Because the first approach really can't work 100%, we probably need to do the second approach regardless.

block: Add a way to acquire exclusive access to a block device

Currently, block devices are just statically allocated and can be used by anybody. This in particular affects the file-system drivers because the block device could be messed with while they are using it.
In theory this is pretty simple to do, the biggest thing is probably that we'll need to start reference counting the block devices so that we know how many people are currently attempting to use it (Which would cause exclusive access to fail), or block people while someone is accessing it exclusively. After the referencing counting, just add a flag to the block device structure to mark that it's currently exclusively owned, and return an error instead of the block device from block_dev_get().

fs: Add fsync support

Currently, we only have sync support, which works well but is pretty heavy. fsync() allows syncing a single file to the file system, which should be much less resource intensive. It already has some candidate users in the form of /bin/init, which could use it to sync the init log, and probably some others.

I haven't yet tackled fsync() because struct inode's do not contain a direct list of the dirty struct block associated with them (And we don't need that information, since we hit up bmap() to get a block from a struct inode). That said, we don't actually any of that information if we don't want, we can simply implement fsync() in a file-system specific way. ext2 would be the only one at the moment, and to implement that we simply use the block list attached to the ext2 specific inode (the same that's used by bmap()) and sync every block before syncing the inode itself. We should be able to hold the read lock on the inode the entire time without issue, which will ensure the inode doesn't get resized or etc. during the syncing process.

There probably needs to be a bit of optimization here though as we probably don't want an fsync to also trigger reading the entire file off of the disk, which is what would happen if we just call bread() on every block to then sync it - if the block doesn't exist, it'll reach out to the disk to grab it. That said, in theory, while bread() currently always returns valid blocks, there's not a particular reason it has to do that. Inside bread() the block is already created and synced separately, and the block's contents can't be examined without locking it, so we could have a separate bread() call that does not read the block off the disk and leaves valid unset - and then in fsync we just check for the dirty flag.

The above approach would still trigger all the corresponding struct blocks to be allocated, so perhaps a better approach is a bread() that only returns the block if it already exists in the cache and returns NULL otherwise. Because during fsync() we would hold a lock on the inode we know nobody will be touching these particular blocks so this shouldn't be racy.

x86: boot: Copy multiboot information into the kernel before switching GDT and page directory.

Currently, we simply pass the multiboot header pointer verbatim to cmain. This generally works out ok, at that point the identity map of the first 16MB is still in place, but there's no real guarantee the pointer is valid after that point.
What we should do instead is reserve a spot of static memory in the kernel and copy the multiboot info into that memory on boot (before we setup the GDT or page directory). Then, in cmain we can simply reference the copy, which we will know is in a valid location.
The code for this will live in boot_multiboot.S (and be in assembly). The structure of static memory could be declared elsewhere.

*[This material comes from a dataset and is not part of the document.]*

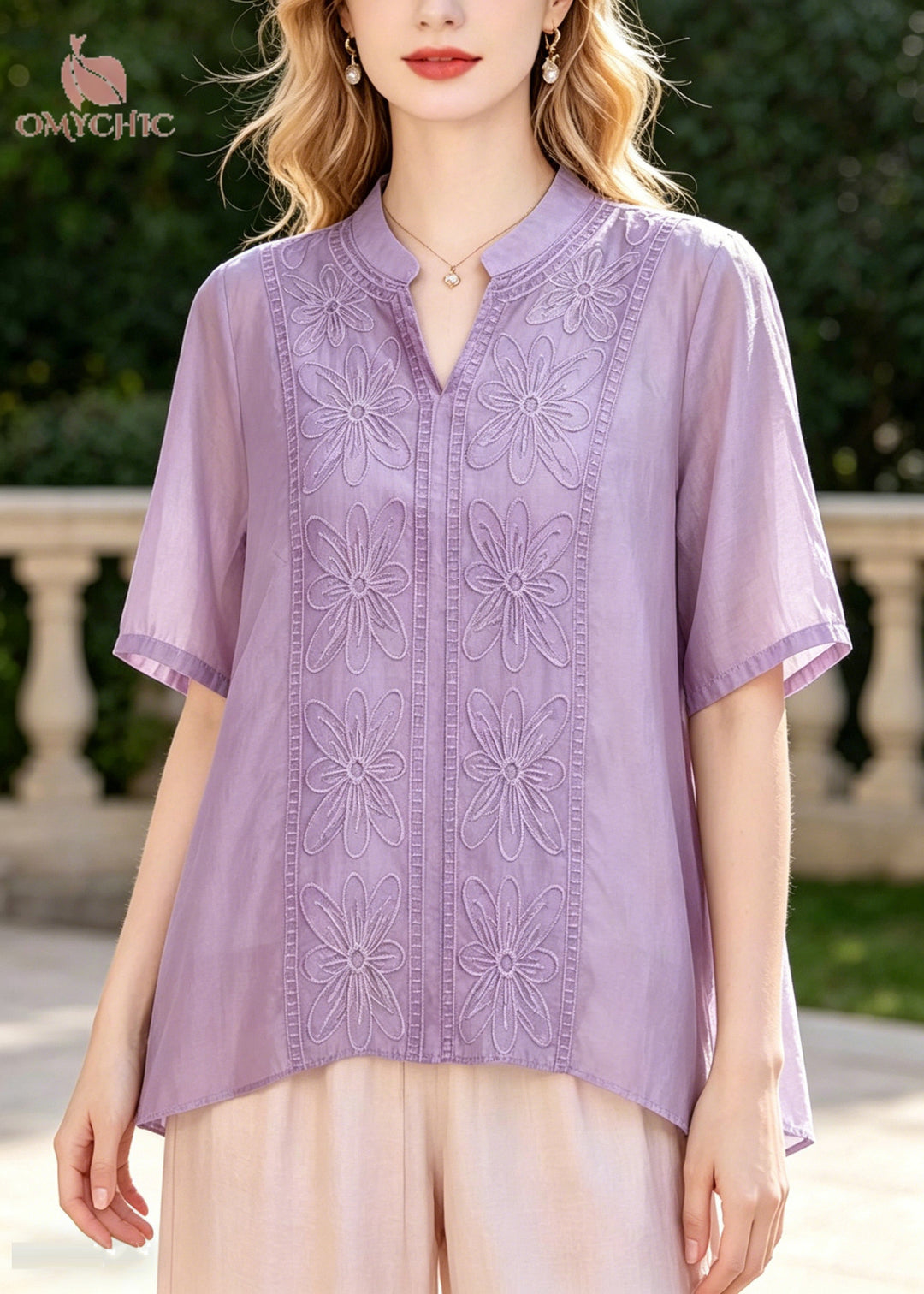 Classy Purple Oversized Embroidered Cotton Silk Top Summer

kernel: Redo initialization logic to not require an explicit array

This idea comes from the Linux Kernel, and I've intended to implement for a while now. Similar to how the ktest_module list is detected, the Linux Kernel creates a list of 'initcall's via a separate section that just consists of a bunch of function pointers. Conceptually it's easy - create a pointer to the function in the right section, and on init we loop over all the functions in the section and call them one at a time.

The hard part is really just nailing down the order of the init process and what levels we need - Some initialization steps require other steps to already be complete, so the order needs to be expressed somehow. On Linux, there's a variety of initcall levels you can specify (which places the calls into different sections), and then the initcalls are run in order according to their levels. We just need to figure out what levels make sense and then change the existing init stuff over to the new system.

kernel: Add 64-bit support

Obviously, this is a pretty big card. There's already a (very) optimistic setting in the Makefile for BITS that doesn't do anything, but presumably we set that to select 64-bit. Ideally, we keep the same x86 architecture and just have combined 32-bit and 64-bit support under it (Which is what Linux does). That said, there's a lot of unknowns here, and the real challenge is figure out what new things we need to support to have any hope of x86-64 support, which will eventually be documented here. The new calling convention probably means rewriting some of our task bootstrapping logic (not too bad), needs more than two level page table support, and it may require APIC and ACPI support, and other various things that I don't yet know about. There's also likely a host of other things that aren't quite compatible that need to be adjusted (Though I've tried to use compatible types such as uintptr_t, which will hopefully ease the transition).

newlib: Add gethostbyname() support

This is pretty somewhat straightforward, to have a usable IP system we need to offer gethostbyname() (in newlib) to allow looking up an IP from a hostname. The final version should ideally support /etc/hosts along with basic DNS support. This can already be completed, as we have pretty much completely functioning UDP support. The messy part is just parsing the DNS request and getting that right.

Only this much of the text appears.